As elders, we are in the afternoon of life.
I prefer this distinction over being in the “winter” or “final act” or “darkest hours.” With afternoon I can see the glimpse of sunlight on the horizon still. I continue to feel connected to all of a wonderful life that brought me to where I am today. The afternoon doesn’t sound like “the end.”
Carl Jung was the first to refer to this time in our lives – those years between 56 and 83 – as the afternoon of life. Youth was morning, and noon corresponded to mid-life.
People, especially Americans, so often characterize getting older as a negative, something to be denied, ignored, or fought off. This time is associated predominantly with decline and, indeed, the process has its challenges. It’s quite possible, however, to make aging a positive experience. All the years we’re given after mid-life are there for a purpose; they contain a wealth of opportunities.
Focus on Yourself
The concept of enjoying aging is fairly foreign to many of us.
Yes, in the afternoon of life, the sun is sinking lower in the sky, and its warmth declines.
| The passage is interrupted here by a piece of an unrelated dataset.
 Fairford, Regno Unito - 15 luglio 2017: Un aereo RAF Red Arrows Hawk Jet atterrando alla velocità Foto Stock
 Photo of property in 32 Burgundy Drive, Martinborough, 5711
Carl, however, encourages us to enjoy life during this time and to regard aging now as the time to focus on us.
Doesn’t that sound delightful? We’re being given permission to concentrate on our needs and desires. It feels like being wrapped in a snuggly soft blanket to me.
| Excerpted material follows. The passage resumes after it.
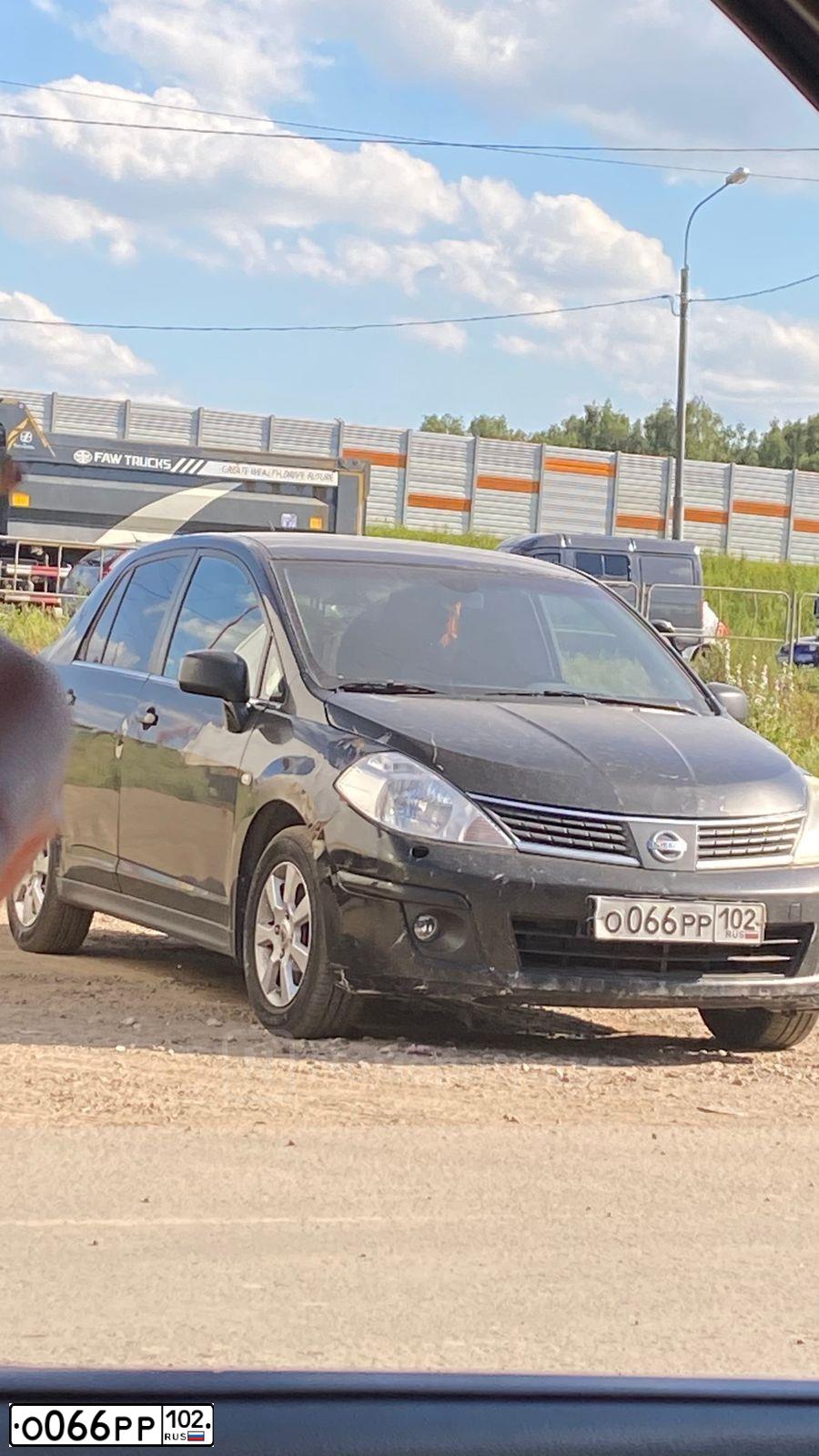 Фото автомобиля NISSAN TIIDA, 2007 — госномер О066РР102. Цвет: ЧЕРНЫЙ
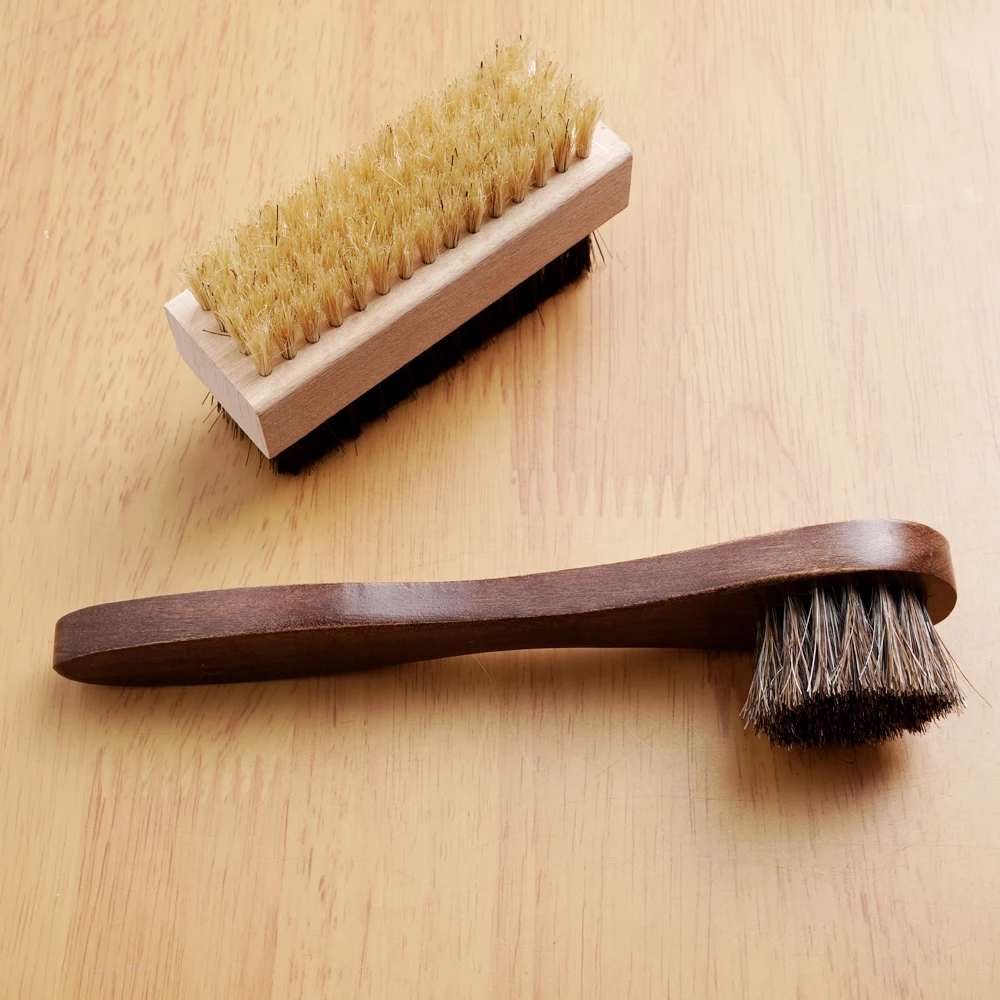 Customized Logo Household Wooden Shoe Brush with Horse Hair Features a Wooden Handle for Shoe Cleaning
The only thing we need to do to capture the most of getting older is be aware of the opportunities in aging and to rise to the challenges aging presents. We also need to take age-appropriate actions to foster the changes nature has in store for us.
Some of the opportunities we can look for in aging during this afternoon of life include:
~approaching life with a new sense of freedom and individuality
~identifying our innate qualities like empathy and humor and the ability to listen compassionately
~letting go of the need for perfection
~while honoring the past, letting go of the need to keep it in the forefront overshadowing the present
~letting go of society expectations
~letting nagging self-doubt fall away
About the Challenges
We’ve been given this great adventure and with it comes the need for patience and fortitude, especially with the aging body and its weakened immune system, which allows disease to flourish. Dealing with illness is a major challenge most of us know about – either directly or indirectly. It’s a fact, one we each deal with in our own way. Remember there are both physical and emotional supports available to you if and when you need them.
Carl Jung and his students provide the following tips for aging well:
~a life devoted to an aim is richer and healthier than an aimless life. Having a goal to strive for is ideal;
~accepting the realities of aging – rather than trying to turn back the clock, will be much easier;
~look for your unused potentials and see if you can engage them for the better;
~say “no” to outer-life demands that create stress;
~reduce your “baggage,” and
~develop a sense of humor.
How I Interpreted Jung’s Information
The purpose of our afternoons is to focus on ourselves. That’s how I interpreted Jung’s description of this time in life. For a long time, I felt the need to hide how much time and money and energy I spent on myself. Now I feel Jung’s permission to savor the enjoyments of life’s afternoon, and in doing so, his goal for us to have a happier, more fulfilling future.